### [Required work]
Extract the records below word for word and ignore the images.

Listed entries below:

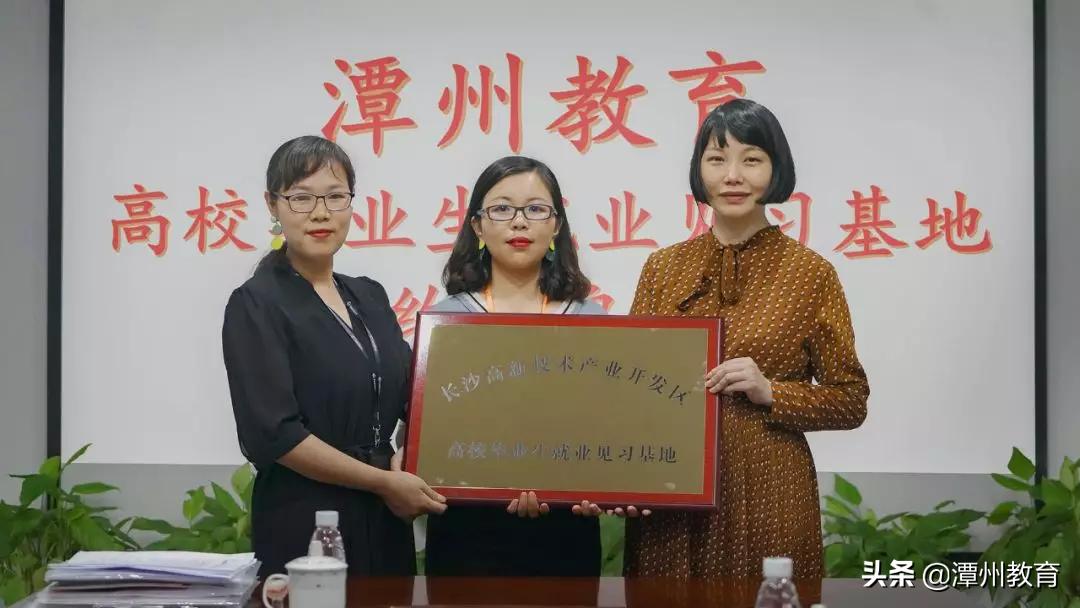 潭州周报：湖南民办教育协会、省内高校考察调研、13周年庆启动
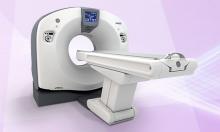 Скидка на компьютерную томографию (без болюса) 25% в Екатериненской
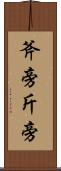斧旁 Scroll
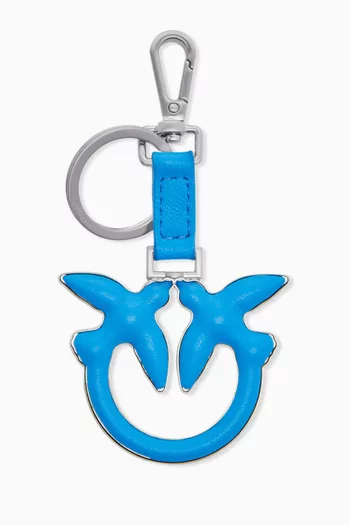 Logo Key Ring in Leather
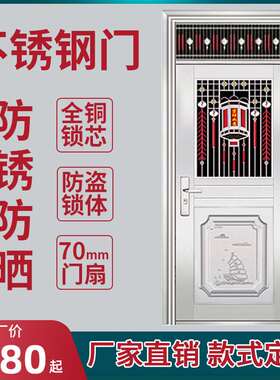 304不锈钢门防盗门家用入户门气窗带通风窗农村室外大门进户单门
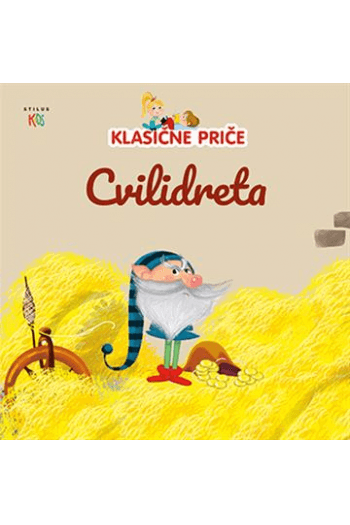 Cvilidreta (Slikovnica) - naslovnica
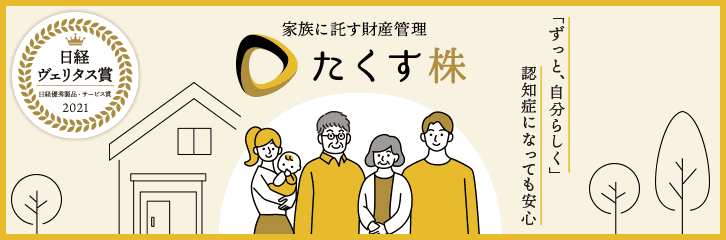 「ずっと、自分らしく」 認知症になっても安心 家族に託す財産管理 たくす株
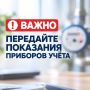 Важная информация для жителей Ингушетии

End of Listed entries.

### [Task answer]
 潭州周报：湖南民办教育协会、省内高校考察调研、13周年庆启动
 Скидка на компьютерную томографию (без болюса) 25% в Екатериненской
斧旁 Scroll
 Logo Key Ring in Leather
 304不锈钢门防盗门家用入户门气窗带通风窗农村室外大门进户单门
 Cvilidreta (Slikovnica) - naslovnica
 「ずっと、自分らしく」 認知症になっても安心 家族に託す財産管理 たくす株
 Важная информация для жителей Ингушетии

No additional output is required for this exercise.